Week twenty seven is mostly spent with friends and family in USA, especially with the thanksgiving week. On Monday morning I drove an hour to Riverside to work on official documents, which I could not get done without notarization. After that I went to spend the day with my beloved mentor Herman Tang 鄧灼文. There is no better pastor I've seen, none as passionate and loving as Herman, who has just retired and will teach in ABS for three months from January 2017. Herman cried with me the moment I arrived, no kidding. We spent the rest of my overnight stay talking and sharing. It was the eve of six months without Doris.
The next day was exactly six months of Doris' loss. I left after breakfast but the hosts could not join in for health reasons. At 10 AM I left for San Diego to join Doris' sister Vivien and her husband Henry two days before Thanksgiving to visit the San Francisco nephew in town with his two year old daughter. After that, onto another relative visit. On Tuesday I also sent out a nine picture collage of Doris I learned to make two days ago. It was encouraging to many who received it. And I finally sent out a letter to address my grievances after sitting on it for more than two weeks.
On Wednesday Henry took me to La Jolla Cove to see seagulls, sea lions and other creatures by the beach, of which San Diego beaches were a favorite of Doris. She was also a joy and delight to her nephew and nieces growing up there.
On Thursday Thanksgiving I woke up sobbing because of a dream i had of Doris. She was laughing at what I said, nothing much, but it meant a lot to me. When we ate Thanksgiving lunch I felt emotional again. When we prayed before I left after lunch to Los Angeles, tears welled up again. It was a sweet rather than a sad day for me. Most people don't know what to do when I was emotional. A hug, pat on the back or rub of the shoulders would be good.
On Friday a good friend took me to Big Sur through the inland route of Carmel, then to Big Sur.

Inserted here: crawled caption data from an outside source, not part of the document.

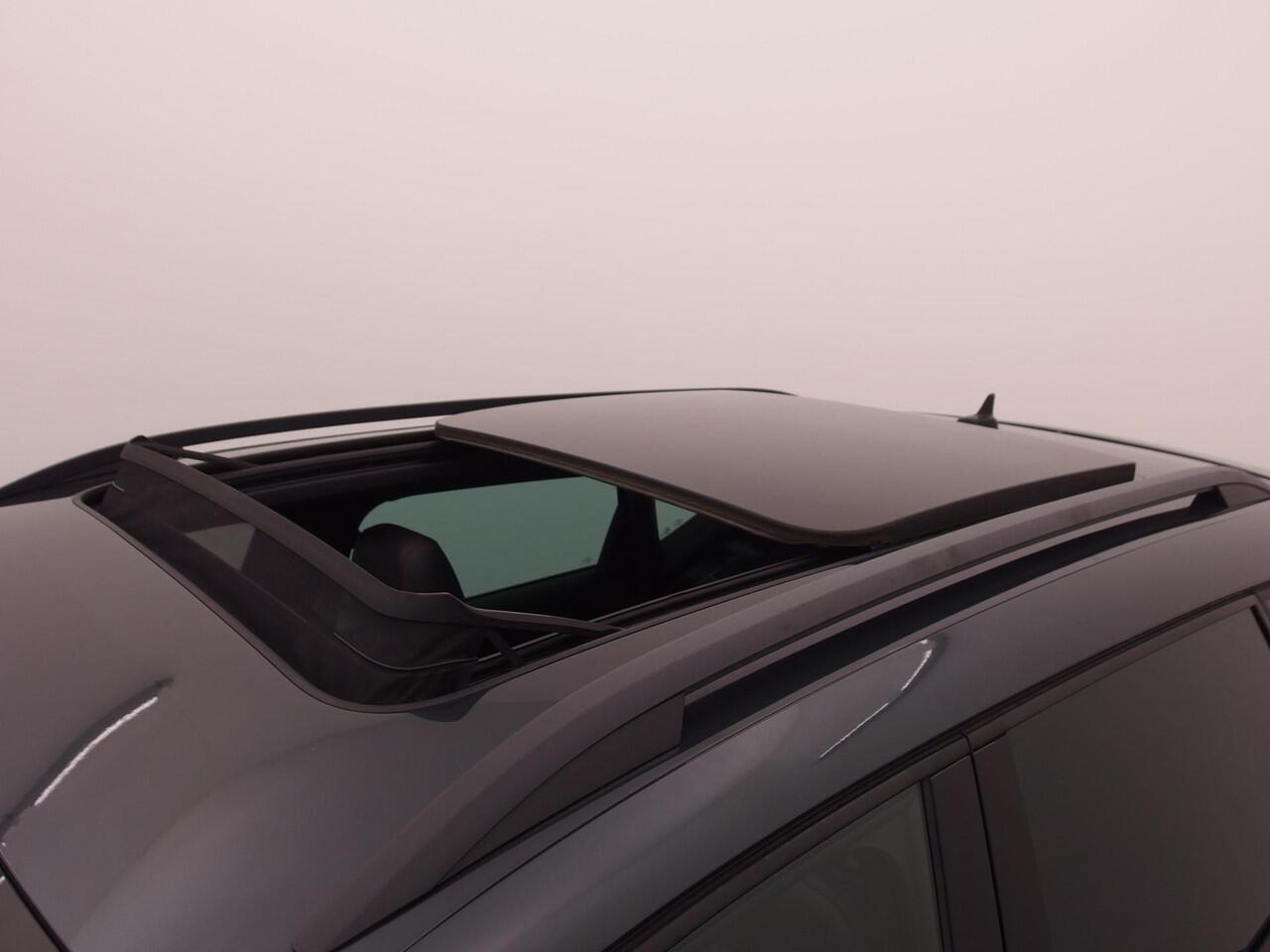 Seat ATECA 1.0 TSI FR Business Intense PANORAMADAK / FULL LED / KEYLESS / 360GR CAMERA / CARPLAY / DODEHOEK / NL-AUTO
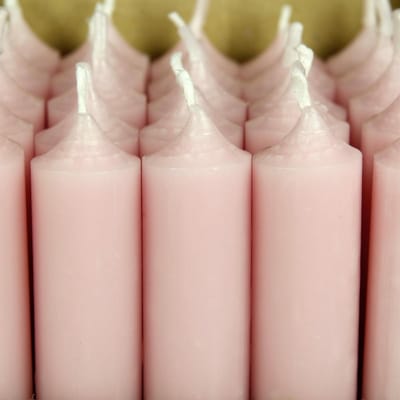 Set van 8 Pastel Roze Steekkaarsen (180x22mm) - Geurloos en Residuvrij Brandend
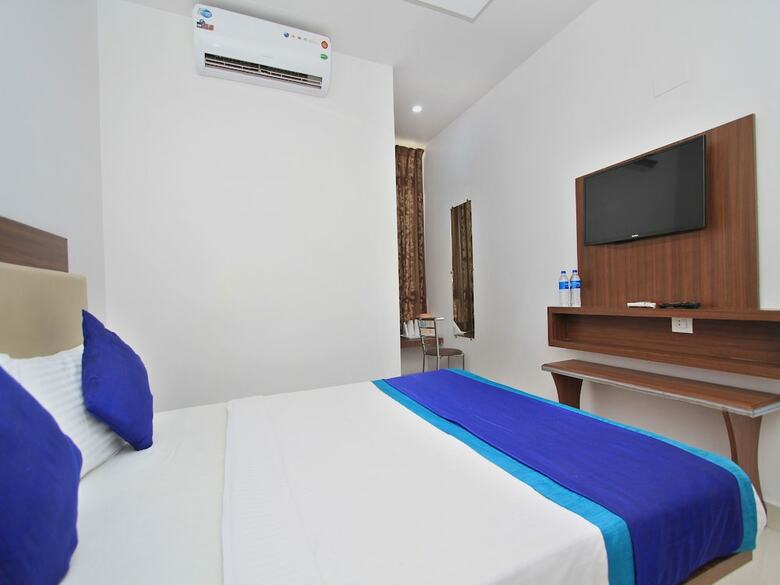 Oyo 12153 Hotel B S International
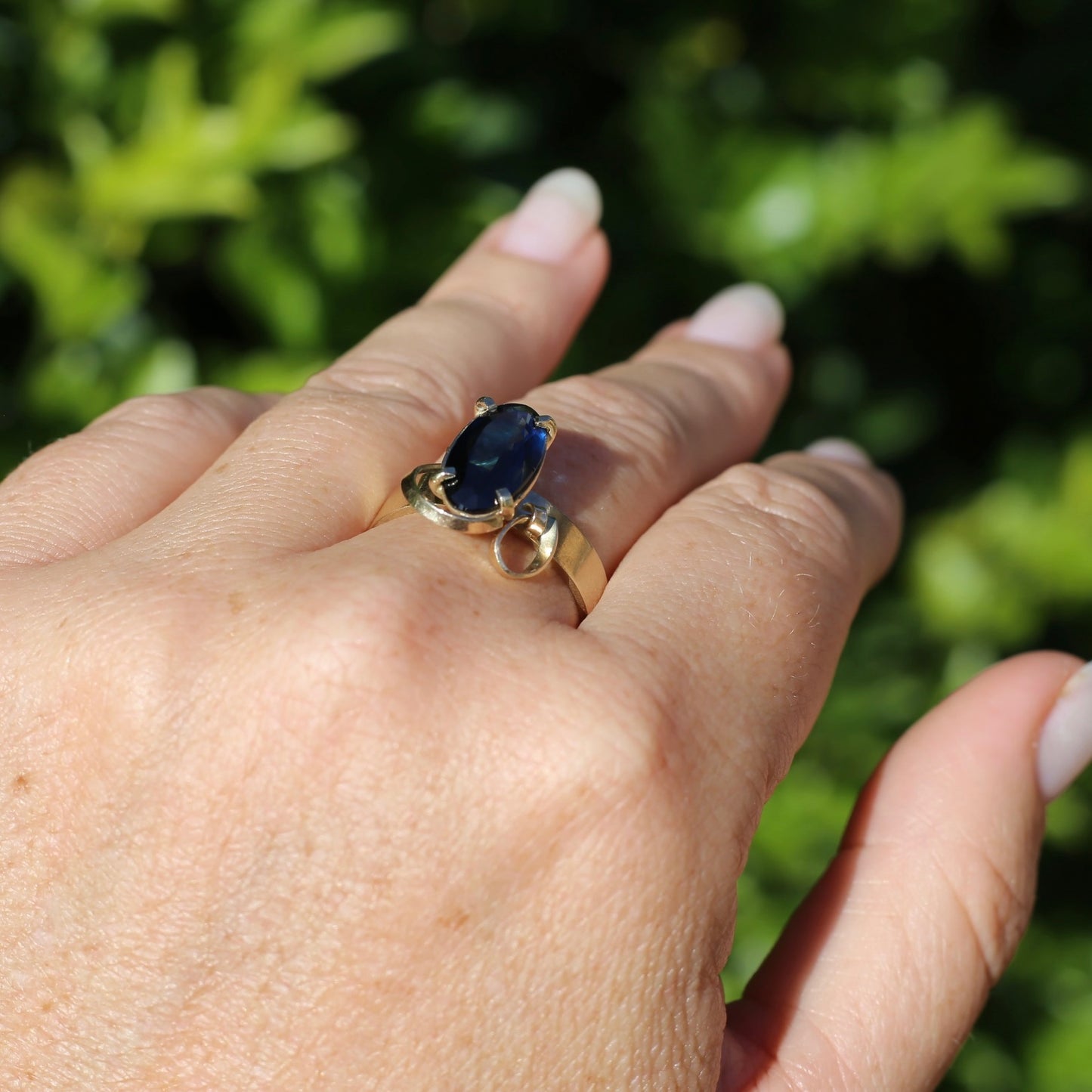 1980s 4ct Australian Parti Sapphire Retro Ring, 9ct Yellow Gold, size X or 11.5 (easily sizeable) with valuation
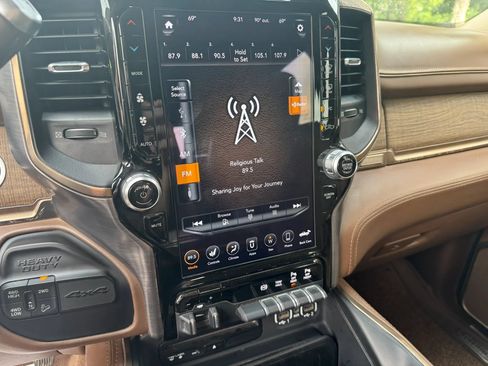 Used 2019 RAM 2500 Limited AWD/4WD image 33
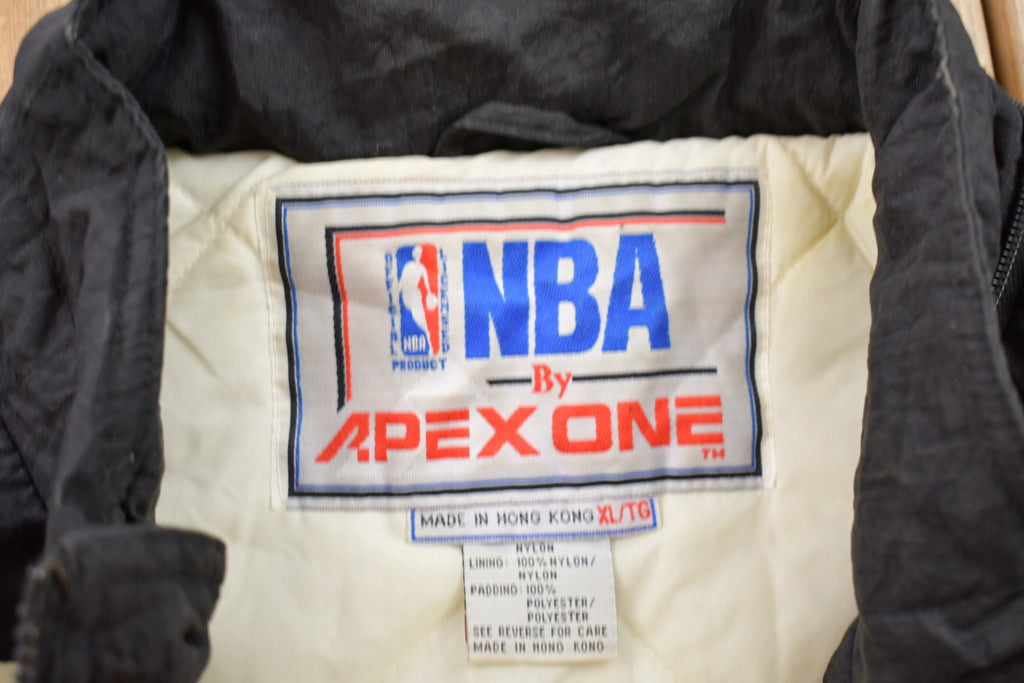 Vintage 1980s Chicago Bulls NBA Apex One Full Zip Puffer Jacket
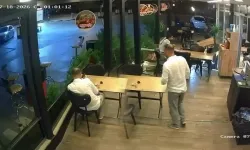 Kocaeli Karamürsel'de Feci Kaza: Kontrolden Çıkan Motosiklet Lokantaya Daldı!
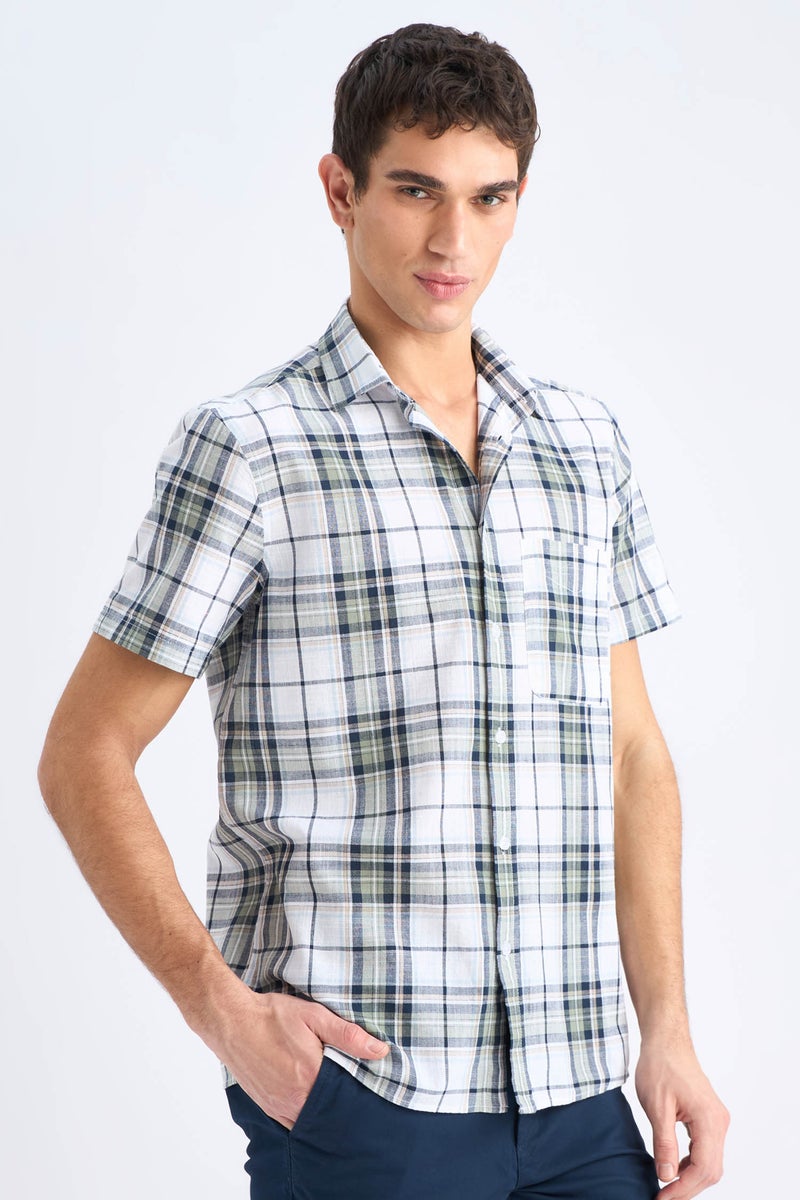 DeFacto White Man Regular Fit Polo Collar Short Sleeve Shirt Casual - Image 1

When I saw the big waves crashing at the rocks, tears rolled down my eyes thinking of our honeymoon car ride seventeen years ago through 1 highway to Carmel. This was my request to a good friend to take me to Carmel again, and he obliged from 25 years of friendship. At dinner I sobbed again at the seafood bar overlooking outside while my friend looked out the window not knowing what to do.
Saturday morning was a ride back to Los Angeles for a dinner appointment. I treasured talking to a younger pastor sharing the ups and downs of ministry in USA and HK. I am now more aware of coworkers looking up to me and learning from me, so I must be there for them.
Sunday's trip back to Riverside, where I served the last ten years before leaving, was hard for me. At the end of worship and tears mingled freely. This was where Doris and I had our best years together in a small loving community. After worship I had lunch with two layman preachers to impart Grammar Bible study to them.